As coal plants continue to close due to unprofitability, pollution and carbon emissions, and due to age, more gas plants are under construction and in planning in the Appalachian region. This region is the most profitable for gas plants due to proximity of the gas resource and the need for power due to high population. Nuclear plants are also closing due to unprofitability and age. Even with some state government bailouts the trend is likely to continue. Clean energy advocates might agree with bailouts for nuclear plants but not for coal plants.


The switch from coal to gas in power production is the main reason the U.S. is leading the world in greenhouse gas emissions reduction and another more local benefit is the continuous decline in all major air pollution emissions since the advent of high-volume hydraulic fracturing of horizontal shale gas wells in the region. (see graph for pollutant emissions in Ohio below). Sometimes newer and more efficient combined cycle gas plants replace older less efficient gas plants too. Natural gas in the region is plentiful and cheap. 


Detractors say that building gas plants now in the “energy transition” to lower carbon sources is a bad idea as they can become stranded assets if and when decarbonization is accelerated. However, newer combined cycle gas plants continue to get more efficient and emit less. In the future if carbon capture, utilization, and sequestration become more viable, then these newer built gas plants could perhaps be adapted for that. 


In this post I am focusing on four states: Ohio, Pennsylvania, West Virginia, and Kentucky. All four of these states are strong coal-producing states where coal-fired plants remain dominant in West Virginia and Kentucky but have been overtaken by gas plants in Ohio and Pennsylvania. West Virginia and Kentucky have been slower to switch from coal to gas.


Ohio


Ohio has gas five gas plants slated to come online in the next few years with a combined capacity of 6.135 gigawatts. Previous to that, since 2017, 4.02 gigawatts of gas power capacity have come online. Ohio went from 94% coal generation in 2007 to 58% coal generation in 2017. Below is a graph from the Energy In Depth article referenced below that shows how nearly all significant pollutants have dropped consistently as gas replaced coal on the grid.




Pennsylvania


In Pennsylvania the last unit at Three-Mile Island nuclear plant closed recently. Pennsylvania has 21 gas plants under construction with a generation capacity of about 6.4 gigiwatts. Planned retirements of 15 nuclear, coal, diesel, and landfill gas plants since 2018 total 4.391 gigawatts. Pennsylvania in late 2019 was 34% natural gas but by year-end 2022 is expected to be at nearly 45% gas, 24% coal, and 17% nuclear. Gas was at just 23% in 2009. Gas production in Pennsylvania increased nearly 30-fold since 2007 while U.S. gas production has nearly doubled since then.


West Virginia


In West Virginia there are just two gas-fired plants in the works, one in Harrison County and one in Monongalia County. Between 2007 and 2017 coal generation in WV dropped from 97% to 94% and gas went from less than 1% to about 2% in 2017. Apparently, several planned gas-fired projects in West Virginia have faced legal challenges funded by the coal industry, said Anne Blankenship, director of the West Virginia Oil and Natural Gas Association.

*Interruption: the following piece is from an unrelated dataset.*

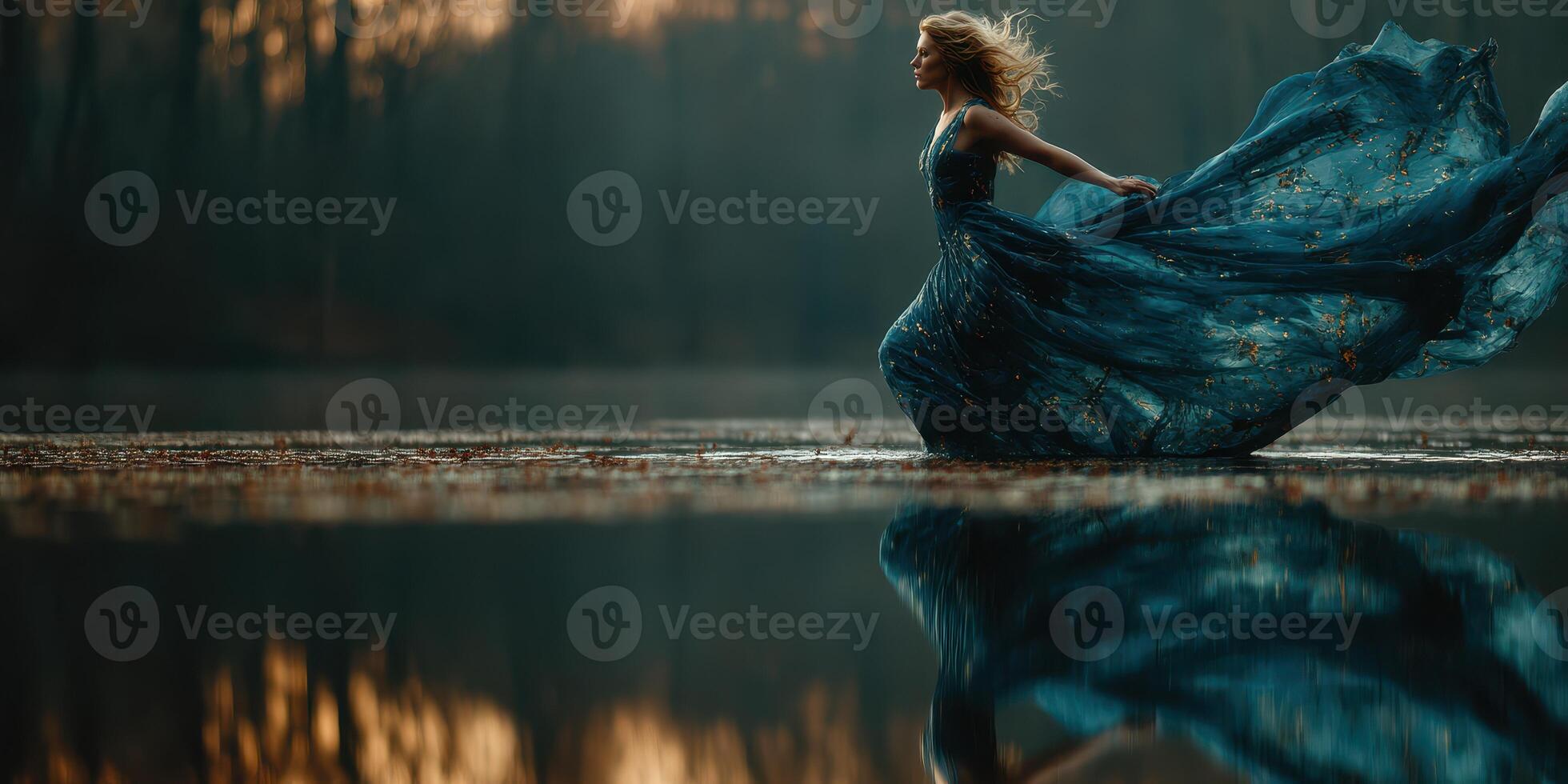 Dancer in flowing blue gown gracefully moves through a serene lake at sunset photo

Natural gas is cheap and available in much of Northern and Western West Virginia and offers cleaner air, less carbon emissions, and much greater efficiency. The state produces nearly 2TCF of natural gas annually. The Longview Power project in Monongalia County is also set to include the largest solar farm in West Virginia. There is currently a unit there burning coal. Its total capacity is set to be 2 gigawatts but the planned natural gas portion is at 1.2 gigawatts. The huge solar field has a generating capacity of just 50-70 megawatts (0.05-0.07 gigawatts). With the considerable natural gas resources in West Virginia it is quite odd and simply unacceptable that gas currently makes less electricity in the state than hydro and also less than wind! The Harrison County project is at 625 gigawatts. The Brooke County plant that may be starting construction soon adds 830 megawatts for a total of 2.625 gigawatts of gas capacity ahead for the state. Even with these additions, gas power will be far lower than it should be in the state. Clearly, West Virginia has more potential for natural gas plant buildout and due to the momentum of decarbonization and the life of gas plants it would be better to build them sooner rather than later. The monopolic power of coal and the coal lobby in the state is unfair to competition and should be challenged. Energy Solutions Consortium LLC has been trying without luck to push plans for building three gas-fired plants in the state. According to Jamison Conklin in article referenced below: “… the company cleared a major hurdle when the West Virginia Supreme Court upheld its siting permit for an 830 megawatt {0.830 gigawatt} facility in Brooke County, allowing construction to start this year. The coal-backed Ohio Valley Jobs Alliance had challenged it in court.” Below is the astounding grid energy mix in West Virginia that favors coal and disfavors gas.




Kentucky


While Kentucky has been slow to move away from coal, it is now accelerating that move a bit. Two of the largest coal-fired plants in the state are scheduled to shutter in 2020. Both are older inefficient plants. From 2008 to 2018, Kentucky coal went from 94% to 75% generation while natural gas went from just 1% to 18% generation. However, the existing 12 coal plants in Kentucky are fairly modern and some could be running for up to 30 years from now. As of a couple years ago there were only 4 power plants in Kentucky burning natural gas with a capacity of just less than 3 gigawatts. Clearly, there is much more potential to switch from coal to gas in the state. Sierra Club and Michael Bloomberg have targeted the state to retire coal plants but also to replace them with renewables rather than gas plants, which would require a truly massive amount of land under solar panels. Wind is not a great resource in the state. While there is some hydro potential of the “run-of-the-river” type, mainly on the Ohio River, due to long permitting times and low capacity factors it is mostly not viable as a replacement for coal power. 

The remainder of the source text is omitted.